[Solved]: Are numbers types and what is "Number"?

Problem Detail: I was pondering about what are the numbers. It seems like a number is data type. I mean, like Maybe in Haskell. Because, for instance, one on its own means nothing for me. However, one apple tells me about how many apples does one talking about. Thus, numbers are quite abstract. If somebody asks you “how is it going” you can’t answer “10”. 10 what? But you could say 10 out of 10. But this is another abstraction. So, what I want to say is that a number is an abstraction. It can only be used to quantify other things. Thus, very often people say that “Number” is a type or set or category, etc. But then if a concrete number is an abstraction what is Number? I hope you’ve got my idea and question and sorry if I used some terms incorrectly. I’m trying to study CS on my own and do make lots of mistakes.

Asked By : Ivan Demchenko

Answered By : jmite

So, you have to be very careful to distinguish values, and the types of those values. We say $v : T$ when $v$ is a value with type $T$.

The type Number

When people say “Number” is a type, usually they’re referring to the type of natural numbers. But each number isn’t a type, it’s a value, and $Number$ is their type. So we can say $1 : Number$, $2 : Number$, etc. Notation isn’t always consistent. Sometimes people will refer to $Number$ as a type class that contains $Nat, Int, Float$ etc. But that’s more complicated. Now, as for each number being a type, in a language like Haskell (or any Hindley-Milner lanugage), this isn’t the case, because numbers are values, and types and values are separate. But there are a few ways we can look at this

Numbers as singletons

But using dependent-types or GADTs, in a Haskell, Agda, Idris, or other languages with advanced types, you can form a type like this (using Agda-like pseudocode):

data TypeNat : Nat -> Set where    TZero : TypeNat Zero   TSucc : {n : Nat} -> TypeNat n -> TypeNat (Succ n)

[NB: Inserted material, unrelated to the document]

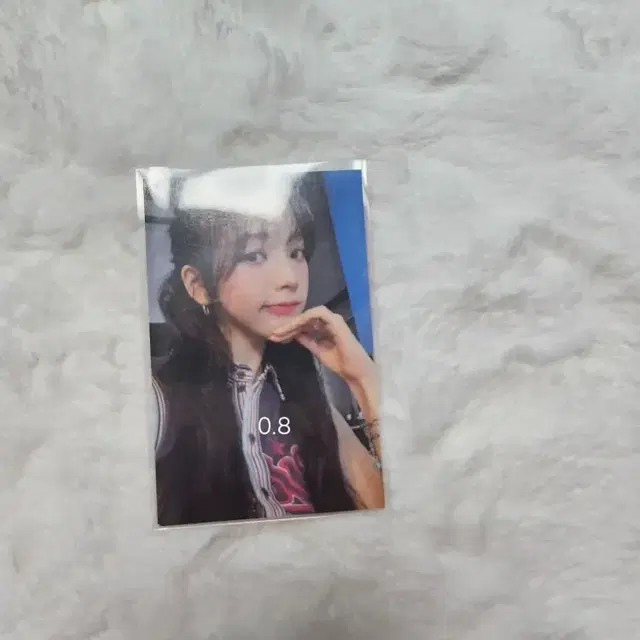 카리나  포카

For any number n, TypeNat n is a type, containing exactly one value, the TypeNat representation of n. So here, the number isn’t the type, but there’s a 1:1 correspondence between the numbers and the types.

Numbers to Quantify other things

We can use numbers to quantify things, but in a dependent-type system, usually this is done by indexing types. So you can have a type like Vec a n, which is the type of Vectors containing exactly n elements of type a. So here, our types are indexed by numbers, but the number itself is not a type.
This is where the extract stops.